During 2015 The Port of Tyne Gallery at The Customs House is hosting a ‘year of drawing’ – so, every exhibition and event part of its programme will explore drawing in as diverse a way as possible, with some activity challenging traditional perceptions of what drawing is, can be or should be.
Artist Jack Coates started off the year with an exhibition of new architectural drawings made on paper and canvas. The latter, being a medium not traditionally associated with drawing practice and one which provoked a degree of self-analysis and enquiry for the artist.
Comparing earlier drawings with later work produced specifically for this exhibition, there is a clear transition Jack has made from very tight, controlled and almost precise works to ones which are more fluid, gestural and expressive. This development parallels Jack’s own progression working from photographs to drawing from his sketches made in locations across Newcastle, thus taking his drawing practice back to line and shade rather than colour and focusing on what interests his eye.
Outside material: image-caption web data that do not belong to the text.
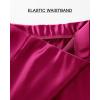 imageBTFBM 2025 Women Summer Spring Long Satin Skirt Silk Elegant High Waist Cocktail Party Wedding Flowy ALine Midi SkirtsSolid Rose Red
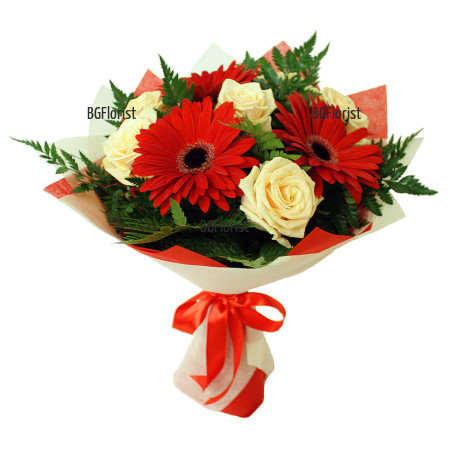 Bouquet of gerberas and roses delivered to Bulgaria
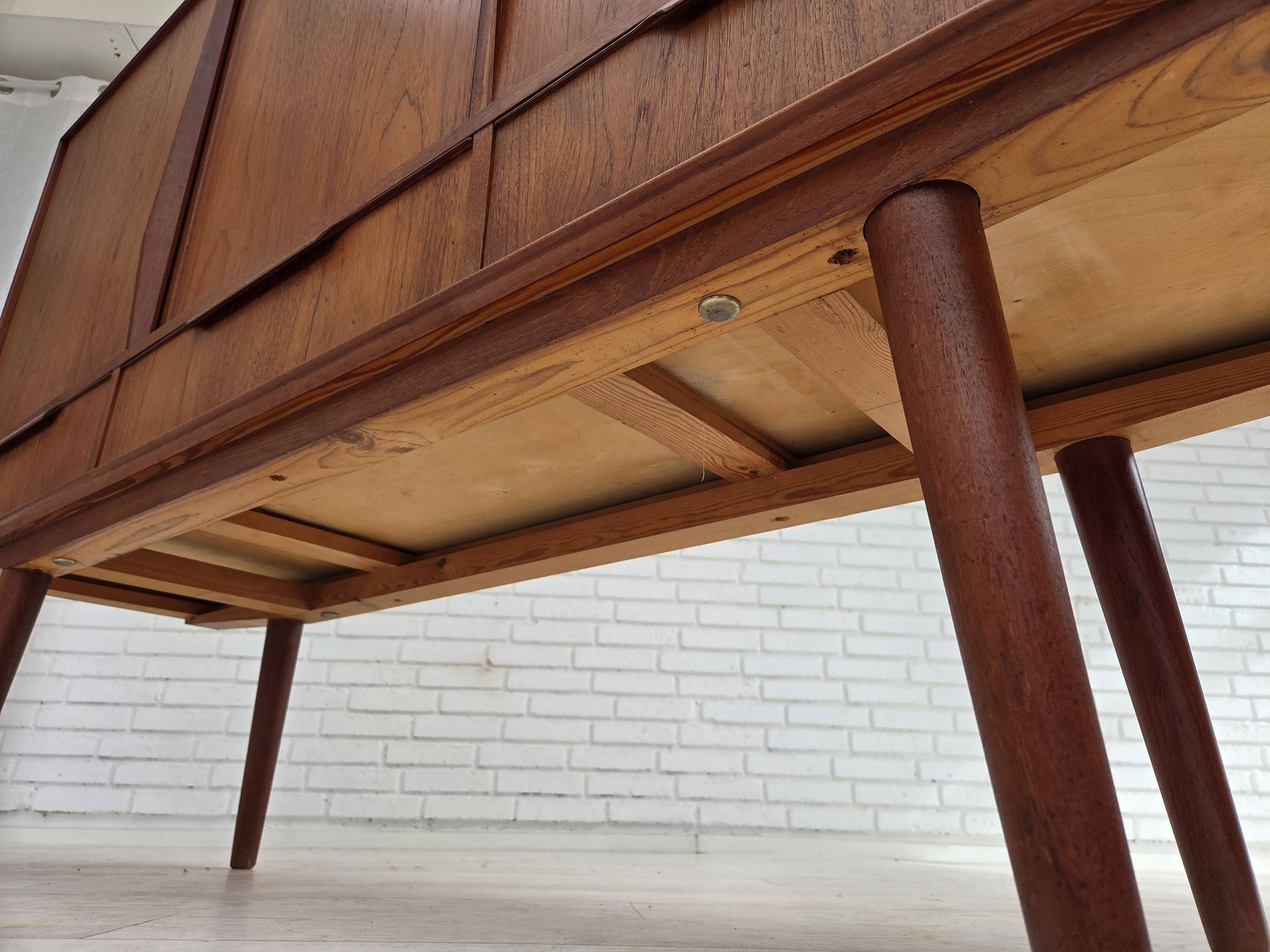 1960s, Danish chest of drawers, teak wood, mirror inside, sliding doors.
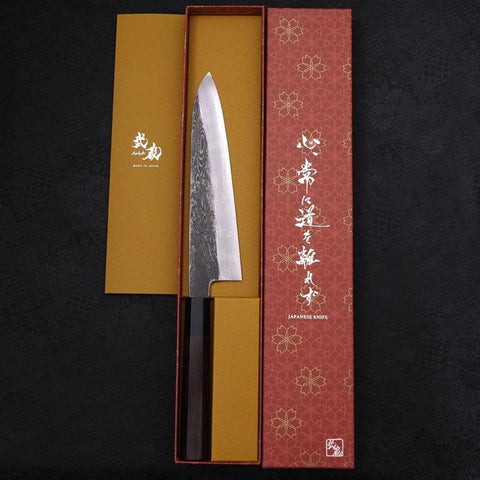 Gyuto Blue Steel #1 Kurouchi Suminagashi Manche en Buffle et Ébène 200mm-[Musashi]-[Couteaux de cuisine japonais]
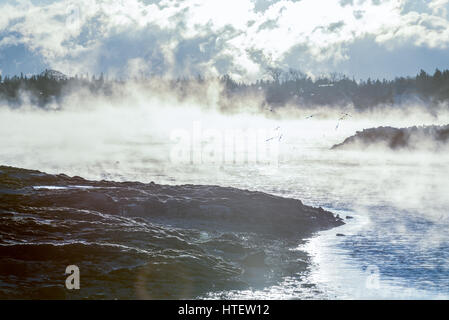 La fumée s'élève de la mer, de la surface et entoure les bateaux avec la température de moins 11 degrés F. Southwest Harbor, l'Acadia National Park, Maine. Banque D'Images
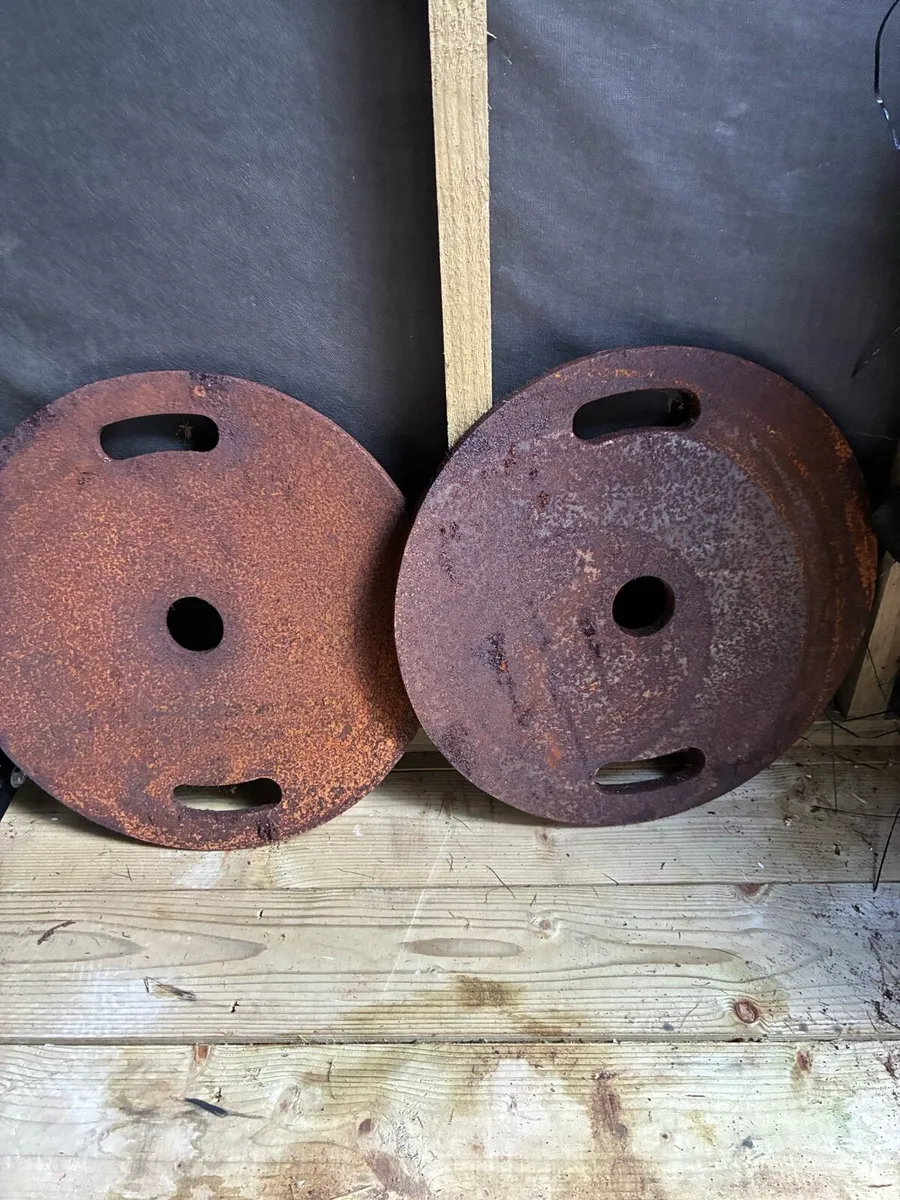 Pair of 15kg Olympic Steel Weight Plates - Image 1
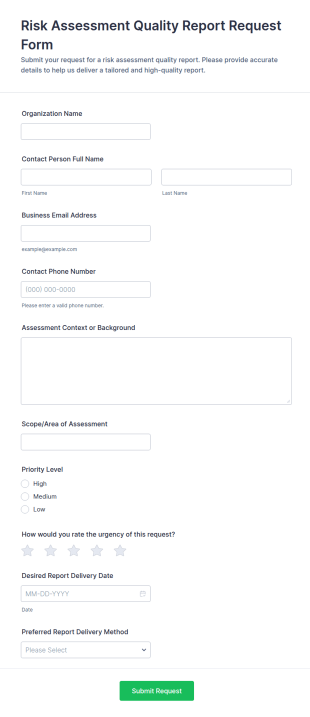 Risk Assessment Quality Report Request Form Template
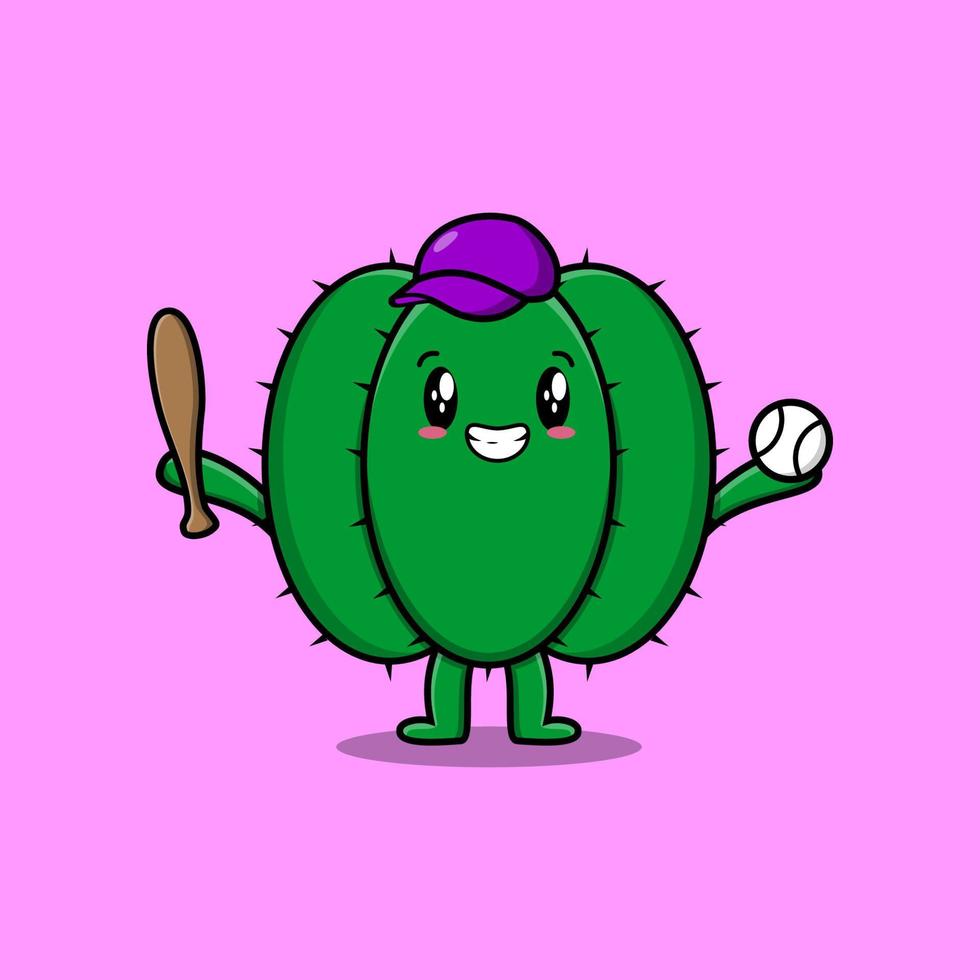 lindo personaje de cactus de dibujos animados jugando béisbol vector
Jack trained as a draughtsman at Liverpool College of Art in the 60’s and spent over 30 years teaching Art & Design in high schools. Since his retirement, he has fast established a strong working practice from his studio in Newcastle. He has spent a year creating new work specifically for this exhibition branching off into areas of drawing which have presented major personal challenges, not least because he has up-scaled from working on A3 paper to 5ft canvases.
Jack’s focus has been, and continues to be, about capturing the detail of a building as you look up at it, the shape a building makes against negative space “it’s about the shape of the building against the sky as much as anything”, he explains. However, don’t expect to see a perfect blue sky in any of his drawings, as colour – for the most part – has become unnecessary within his work. What is seen, are intense marks made with charcoal or ink against more gestural and playful notations made as more spontaneous response to both his subject matter and medium.
The draughtsman in him may have loosened up and embraced the unfamiliar territory of working on a larger scale, and even allowed himself to not ‘over work’ pieces, enabling an element of chance and ‘moment’ of action to be left but in essence his acute tentative control and precise observation hasn’t left his hand entirely. So what forms, are beautifully rendered compositions that have a freshness which remains, as if the work has been made fresh for the viewer to see. For this exhibition, he also created some very large scale site specific drawings, another departure for him; working again to embrace a whole new approach to making architectural drawings.
He was invited to make a short residency in the Gallery leading up to his exhibition and start the year off by having drawings that related to the building, so the exhibition has some direct connection and relevance to the gallery itself. What was created were a series of monumental site specific life size drawings of the 150 year old Customs House building, but uniquely made from within the main Gallery space. Jack has spent time getting to know the building, working with it and understanding its structure, character and contours as he’s sketched and embraced the challenge of these impressive works.